Friday, September 9, 2011

The Price Of Prepping

The price of prepping can not only drain you financially but emotionally. Right now the media spotlight is on shows such as "Doomsday Preppers" and "Living for the Apocalypse". We see these very prepared individuals with thousands of dollars in food stores, off the grid bug out locations,  and weapons that could outfit a small army. I am in awe of these individuals and hearing their story and how they have prepped is amazing but.........sometimes I do feel like I am behind and I almost get in a full fledge panic that I'm not near ready like they are. I have seen people that are new to prepping basically throw up their hands and say "I'm so far behind what's the since of even trying" and they quit so if your feeling this way........

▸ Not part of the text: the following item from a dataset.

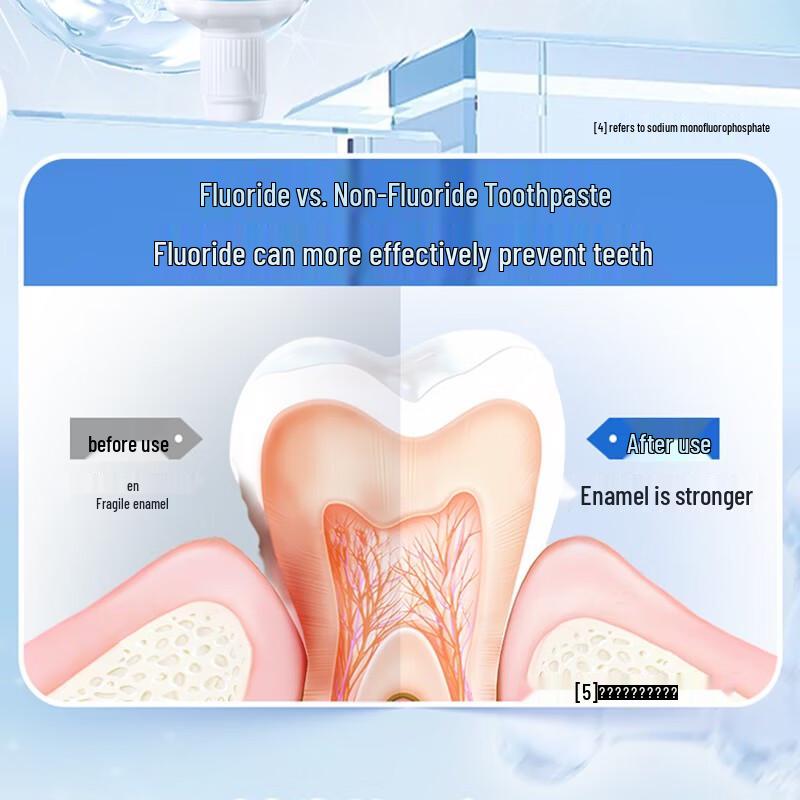 Shuke Sensitive Whitening Toothpaste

Take a deep breath and take a step back.

Remember the people you see on these shows have been prepping for years. Every journey starts with that first step and every step gets you that much closer. I realize with the state of the economy and trying to prep is a challenge but here are some practical ways to prep on a budget and ease that panic mode.

Coupons - I am an avid couponer and with a bit of effort you can save money and prep. For instance I had a coupon buy 1 deodorant and get the second free and the same for shampoo. Right there I was able to save and prep!

Farm Markets - Farm markets are a great place to save money and prep. Many times when you approach these farmers you can buy in bulk at a great price and can these items. For a fraction of what you would spend at the store and some effort you can do alot of prepping this way.

Make Lists - I am a compulsive list maker. I have lists for everything! The reason I make this lists is because it keeps me focused and working toward my goals. Not to mention everytime you check off something on your list you achieve that sense of accomplishment and a piece of mind that you are getting that much closer to your goal.

Network - Sometimes as preppers we get so caught up in the op sec that we isolate ourselves which can breed more anxiety. Now I'm not saying tell any and everyone about your location, stores, etc. I am saying there are plenty of survivalist boards where you can go and talk to people about canning, or what you need in a bug out bag. You can get answers to your questions from like minded people and ease that feeling of anxiety and who knows you may make a few friends along the way. A couple of great boards are and There are also some great podcasts such as and

Set Small Achievable Goals - Set small achievable goals for your prepping. Start out by storing 3 days of food, then, 7, then 14 etc. You will be amazed at how this will add up before you know it and remember each step gets your closer.

Learn New Skill Sets - Knowledge is power and when SHTF it's also priceless. Take a first aid course, many times these are sponsored and cost little to nothing. You Tube is amazing for gaining knowledge, this past week I just typed in "Homemade Smoker" and I got all sorts of great ideas! Many times a new skill set will cost you little or no money but could make that HUGE difference later on.

It is possible to prep on a budget without the drain on your bank account or your sanity.

Be prepared, not sorry.


Ollamha Anne said...

I especially love BOGO (buy one get one free) coupons for stuff I would buy anyway.

Terri said...

Yes when my boys where at home I had to really stretch my grocery dollars so now I have just coverted my coupon clipping to do my prepping.


Speaking about stretching your dollars insofar as food, I have a nice sized pile of recipes that are really very good that utilize wild edibles. Free delicious foods can be gathered from almost any field. Dandelions, chicory, cattails... they all provide tasty nutritious alternatives that most people don't think of.
One of my favorites:

Sauteed Chicory
(serves four people
1kg fresh chicory (or spinach)
1 clove garlic, chopped;
2tbsp plump raisins;
2tbsp pine nuts;
small bit of butter or a little olive oil.

Rinse the chicory well and trim stems. Boil in lightly salted water for five to ten minutes until tender. (If using spinach, rinse and trim then simmer in a pan with no additional water.
The spinach will release more than enough liquid as you heat it and will need cooking for no more than five minutes.) Drain chicory and squeeze dry. In a frying pan heat the butter or olive oil and add the chopped garlic.
Cook for a couple of minutes then add the chicory. Season with salt and pepper then add the raisins and the pine nuts. Toss well and serve hot.